Avez-vous sous-estimé l’un ou l’autre aspect dans la préparation?
J’ai trouvé ce à quoi je m’attendais. Il faut, pour répondre aux défis qui attendent le monde des Salons, investir. Il va falloir amener de nouvelles personnes et de nouveaux talents, pour gérer la numérisation et les différentes demandes. Il faut aussi être beaucoup plus proactif, on ne peut plus se contenter d’attendre que les constructeurs viennent à nous pour participer. Les marques ne viennent plus toutes seules. En ventes pures, les marques savent qu’ils n’auront jamais de retour sur investissement sur la période du Salon; le retour se fera plutôt au niveau de l’image. Ce sont les constructeurs qui décideront de l’avenir du GIMS.
Est-ce que les Salons tournés vers la vente ont plus de chance de survivre?
Cela dépend, c’est aussi une question de tradition. Le Salon de Bruxelles, par exemple, lance vraiment les ventes de véhicules, on parle de 50% des ventes annuelles aux personnes privées qui se font durant cette période. Ce sont des infrastructures beaucoup plus légères, mais qui ne sont pas moins intéressantes. Genève a plutôt ambition d’être vitrine de l’industrie et de la mobilité. Ce sera aux marques de choisir si elles veulent toujours ce genre de plateforme, ou si elles préfèrent se tourner vers des shows orientés vers la vente.
Certaines marques absentes auraient des nouveautés à présenter. Cela vous fâche-t-il?
Les absents ont toujours tort. Cependant, on ne peut pas en vouloir à des groupes qui perdent de l’argent et qui investissent des sommes énormes dans la transformation de l’industrie et de leur outil de production. On ne peut pas leur en vouloir de choisir les canaux qui leur semblent les plus pertinents pour leur promotion.
Qu’en est-il de votre succession?
Le Conseil de fondation du Salon de Genève est à bout touchant du processus de sélection, il y a quelques candidats encore en lice. Cela sera communiqué en temps et en heure.
Nous avions su très à l’avance que vous reprendriez la succession de M. Hefti. Là, à quelques semaines du Salon, on ne connaît toujours pas votre successeur. Pourquoi?
M. Hefti a pris sa décision de partir à la mi-2018. Moi, ma décision de m’en aller a été prise en octobre 2019. Le Conseil de fondation a besoin de temps pour se retourner et effectuer un processus de sélection.

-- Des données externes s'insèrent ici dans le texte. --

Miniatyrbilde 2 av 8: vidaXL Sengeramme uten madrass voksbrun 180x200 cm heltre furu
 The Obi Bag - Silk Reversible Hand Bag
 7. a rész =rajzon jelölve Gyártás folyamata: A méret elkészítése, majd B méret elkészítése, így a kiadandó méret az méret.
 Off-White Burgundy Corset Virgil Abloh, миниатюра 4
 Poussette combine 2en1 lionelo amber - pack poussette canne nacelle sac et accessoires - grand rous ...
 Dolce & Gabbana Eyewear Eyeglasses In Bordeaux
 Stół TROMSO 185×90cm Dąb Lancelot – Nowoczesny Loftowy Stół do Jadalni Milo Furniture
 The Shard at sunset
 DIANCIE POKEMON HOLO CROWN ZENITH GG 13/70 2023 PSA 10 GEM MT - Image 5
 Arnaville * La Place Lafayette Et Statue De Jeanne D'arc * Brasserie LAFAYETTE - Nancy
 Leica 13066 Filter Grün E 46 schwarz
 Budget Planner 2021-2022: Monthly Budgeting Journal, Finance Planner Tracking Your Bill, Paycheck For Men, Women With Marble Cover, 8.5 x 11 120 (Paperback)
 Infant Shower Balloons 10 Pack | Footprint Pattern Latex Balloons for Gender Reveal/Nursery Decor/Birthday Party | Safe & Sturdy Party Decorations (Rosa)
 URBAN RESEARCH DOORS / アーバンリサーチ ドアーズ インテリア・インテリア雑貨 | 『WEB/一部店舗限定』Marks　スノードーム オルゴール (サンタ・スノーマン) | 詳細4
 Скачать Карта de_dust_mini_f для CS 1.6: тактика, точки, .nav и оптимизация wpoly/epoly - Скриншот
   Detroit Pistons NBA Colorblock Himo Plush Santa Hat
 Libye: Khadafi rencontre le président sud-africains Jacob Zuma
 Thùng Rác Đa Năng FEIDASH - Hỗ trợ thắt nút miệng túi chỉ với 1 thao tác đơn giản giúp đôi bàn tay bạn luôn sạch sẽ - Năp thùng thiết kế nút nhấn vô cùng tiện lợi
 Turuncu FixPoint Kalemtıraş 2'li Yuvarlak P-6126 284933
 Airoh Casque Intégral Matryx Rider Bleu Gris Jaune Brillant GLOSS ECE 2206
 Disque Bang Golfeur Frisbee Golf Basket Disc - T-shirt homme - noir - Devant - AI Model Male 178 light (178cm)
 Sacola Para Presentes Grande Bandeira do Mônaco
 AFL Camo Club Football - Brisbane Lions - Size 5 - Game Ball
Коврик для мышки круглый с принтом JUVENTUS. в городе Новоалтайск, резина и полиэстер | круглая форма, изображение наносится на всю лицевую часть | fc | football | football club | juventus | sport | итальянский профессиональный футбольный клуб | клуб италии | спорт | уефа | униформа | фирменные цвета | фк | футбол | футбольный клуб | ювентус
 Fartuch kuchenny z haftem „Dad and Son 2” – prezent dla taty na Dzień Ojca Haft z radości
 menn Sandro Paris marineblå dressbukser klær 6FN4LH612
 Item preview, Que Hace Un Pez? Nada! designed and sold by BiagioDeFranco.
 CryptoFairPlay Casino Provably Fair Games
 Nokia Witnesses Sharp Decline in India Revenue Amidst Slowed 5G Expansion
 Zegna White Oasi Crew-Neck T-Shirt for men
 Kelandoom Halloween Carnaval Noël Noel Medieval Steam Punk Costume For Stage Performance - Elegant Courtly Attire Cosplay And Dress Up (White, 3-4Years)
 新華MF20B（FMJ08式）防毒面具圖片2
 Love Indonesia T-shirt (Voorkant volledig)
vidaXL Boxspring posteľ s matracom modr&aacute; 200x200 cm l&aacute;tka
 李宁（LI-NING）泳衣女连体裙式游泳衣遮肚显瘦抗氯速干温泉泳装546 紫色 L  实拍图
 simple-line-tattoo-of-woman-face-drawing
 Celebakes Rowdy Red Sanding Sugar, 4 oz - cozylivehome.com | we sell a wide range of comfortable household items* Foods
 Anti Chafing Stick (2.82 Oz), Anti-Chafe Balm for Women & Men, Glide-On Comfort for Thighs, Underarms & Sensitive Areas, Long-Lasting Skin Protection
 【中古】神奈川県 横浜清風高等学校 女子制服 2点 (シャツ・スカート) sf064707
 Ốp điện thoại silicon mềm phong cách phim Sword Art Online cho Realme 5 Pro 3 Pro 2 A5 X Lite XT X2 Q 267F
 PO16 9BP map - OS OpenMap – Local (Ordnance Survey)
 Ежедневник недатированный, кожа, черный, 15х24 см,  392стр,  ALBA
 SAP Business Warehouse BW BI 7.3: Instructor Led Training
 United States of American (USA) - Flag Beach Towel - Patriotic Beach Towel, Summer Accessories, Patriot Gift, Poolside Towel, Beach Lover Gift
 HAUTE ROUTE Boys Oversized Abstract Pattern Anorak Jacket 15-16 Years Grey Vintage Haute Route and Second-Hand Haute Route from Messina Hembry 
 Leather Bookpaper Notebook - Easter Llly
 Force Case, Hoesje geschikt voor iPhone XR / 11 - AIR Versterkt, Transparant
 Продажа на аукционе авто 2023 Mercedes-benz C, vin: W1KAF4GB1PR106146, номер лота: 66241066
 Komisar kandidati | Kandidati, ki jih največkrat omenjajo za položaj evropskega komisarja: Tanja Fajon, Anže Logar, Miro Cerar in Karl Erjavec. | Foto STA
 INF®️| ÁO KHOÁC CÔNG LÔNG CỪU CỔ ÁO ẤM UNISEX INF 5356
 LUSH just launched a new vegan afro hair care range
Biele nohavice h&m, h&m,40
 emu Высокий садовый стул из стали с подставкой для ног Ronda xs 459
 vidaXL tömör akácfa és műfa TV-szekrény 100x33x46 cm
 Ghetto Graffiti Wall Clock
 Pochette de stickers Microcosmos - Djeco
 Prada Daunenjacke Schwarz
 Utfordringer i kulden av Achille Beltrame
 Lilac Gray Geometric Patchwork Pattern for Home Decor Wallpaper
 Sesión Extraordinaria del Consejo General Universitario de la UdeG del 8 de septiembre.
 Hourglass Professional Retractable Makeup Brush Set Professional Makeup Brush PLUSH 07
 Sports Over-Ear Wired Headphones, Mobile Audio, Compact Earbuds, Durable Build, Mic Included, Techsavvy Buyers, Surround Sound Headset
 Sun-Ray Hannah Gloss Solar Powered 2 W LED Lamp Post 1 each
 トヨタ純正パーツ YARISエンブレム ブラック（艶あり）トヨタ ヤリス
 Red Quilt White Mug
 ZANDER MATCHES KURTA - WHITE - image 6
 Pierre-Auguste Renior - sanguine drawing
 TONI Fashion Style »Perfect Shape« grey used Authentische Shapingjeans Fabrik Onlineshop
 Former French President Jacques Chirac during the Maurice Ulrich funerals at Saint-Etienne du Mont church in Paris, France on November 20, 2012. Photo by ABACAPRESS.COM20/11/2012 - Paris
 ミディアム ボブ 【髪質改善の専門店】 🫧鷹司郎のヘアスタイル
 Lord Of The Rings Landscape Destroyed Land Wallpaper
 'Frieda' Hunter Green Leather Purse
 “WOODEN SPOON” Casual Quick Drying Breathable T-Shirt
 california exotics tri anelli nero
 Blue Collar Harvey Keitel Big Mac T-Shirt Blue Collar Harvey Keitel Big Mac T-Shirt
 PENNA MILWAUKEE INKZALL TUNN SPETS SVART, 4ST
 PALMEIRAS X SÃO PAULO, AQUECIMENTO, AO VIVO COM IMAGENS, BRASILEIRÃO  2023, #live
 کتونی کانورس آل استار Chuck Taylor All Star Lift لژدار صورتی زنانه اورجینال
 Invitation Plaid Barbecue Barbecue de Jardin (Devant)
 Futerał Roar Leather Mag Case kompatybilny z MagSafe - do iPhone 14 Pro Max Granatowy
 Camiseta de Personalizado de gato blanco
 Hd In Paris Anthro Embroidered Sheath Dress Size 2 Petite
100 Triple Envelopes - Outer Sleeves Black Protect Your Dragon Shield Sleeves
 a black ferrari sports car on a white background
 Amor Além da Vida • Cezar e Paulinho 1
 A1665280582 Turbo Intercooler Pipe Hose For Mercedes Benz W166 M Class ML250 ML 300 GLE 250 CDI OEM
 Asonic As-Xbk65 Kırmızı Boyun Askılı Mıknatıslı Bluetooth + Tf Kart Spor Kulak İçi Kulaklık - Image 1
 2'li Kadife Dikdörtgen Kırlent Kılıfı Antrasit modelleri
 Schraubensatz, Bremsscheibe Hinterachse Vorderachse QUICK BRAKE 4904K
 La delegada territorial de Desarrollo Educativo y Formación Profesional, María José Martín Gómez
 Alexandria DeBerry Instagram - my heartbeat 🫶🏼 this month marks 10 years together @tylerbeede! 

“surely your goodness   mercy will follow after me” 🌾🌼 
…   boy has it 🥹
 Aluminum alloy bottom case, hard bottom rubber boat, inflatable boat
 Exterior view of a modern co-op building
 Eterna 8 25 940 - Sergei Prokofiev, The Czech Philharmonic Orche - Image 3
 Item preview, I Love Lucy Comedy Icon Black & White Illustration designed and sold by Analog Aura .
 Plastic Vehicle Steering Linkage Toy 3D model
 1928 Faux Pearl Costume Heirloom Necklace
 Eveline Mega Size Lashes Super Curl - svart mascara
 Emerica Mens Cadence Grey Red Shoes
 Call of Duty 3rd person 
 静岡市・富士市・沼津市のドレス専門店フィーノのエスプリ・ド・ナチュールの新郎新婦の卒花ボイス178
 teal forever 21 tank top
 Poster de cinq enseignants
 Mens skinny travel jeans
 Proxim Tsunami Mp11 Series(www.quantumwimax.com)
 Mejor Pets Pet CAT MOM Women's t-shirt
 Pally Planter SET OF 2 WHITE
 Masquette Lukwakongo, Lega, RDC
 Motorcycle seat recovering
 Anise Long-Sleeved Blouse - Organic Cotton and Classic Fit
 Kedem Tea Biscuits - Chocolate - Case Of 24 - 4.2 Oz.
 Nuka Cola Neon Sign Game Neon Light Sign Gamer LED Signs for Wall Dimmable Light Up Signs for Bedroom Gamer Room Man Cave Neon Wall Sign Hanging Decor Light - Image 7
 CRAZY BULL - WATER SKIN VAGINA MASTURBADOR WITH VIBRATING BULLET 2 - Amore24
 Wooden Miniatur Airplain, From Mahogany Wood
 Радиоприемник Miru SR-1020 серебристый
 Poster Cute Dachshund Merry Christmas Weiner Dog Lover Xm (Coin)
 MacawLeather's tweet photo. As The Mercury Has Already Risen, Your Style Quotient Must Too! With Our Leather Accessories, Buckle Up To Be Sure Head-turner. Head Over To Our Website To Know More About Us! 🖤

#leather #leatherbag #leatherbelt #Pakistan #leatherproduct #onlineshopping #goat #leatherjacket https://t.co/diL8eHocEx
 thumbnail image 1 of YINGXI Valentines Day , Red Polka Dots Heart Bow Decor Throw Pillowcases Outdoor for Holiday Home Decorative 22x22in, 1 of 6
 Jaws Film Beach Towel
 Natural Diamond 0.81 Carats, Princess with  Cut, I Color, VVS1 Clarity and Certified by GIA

Vous n’avez aucun regret de partir si tôt?
Non. Lorsqu’on m’a demandé de reprendre ce poste, j’ai saisi la chance. Je ne retrouverai certainement jamais le côté passionnant qu’il y a à Genève. De l’autre côté, il y a des aspects privés qui entrent en jeu; il faut mettre tout ça dans la balance. J’ai pris la décision de partir, je la regretterai peut-être plus tard, même si ce n’est pas mon habitude.
Le GIMS a-t-il toujours la capacité de rester le seul Salon européen?
Nous avons parlé avec les autres organisateurs des Salons: on sait que le gâteau n’est plus assez grand aujourd’hui pour permettre à deux Salons annuels de survivre. Les marques devront faire le choix. Nous, de notre côté, avons fait le travail nécessaire pour montrer qu’il y a de nouveaux concepts, de nouvelles idées et poser une base pour l’avenir.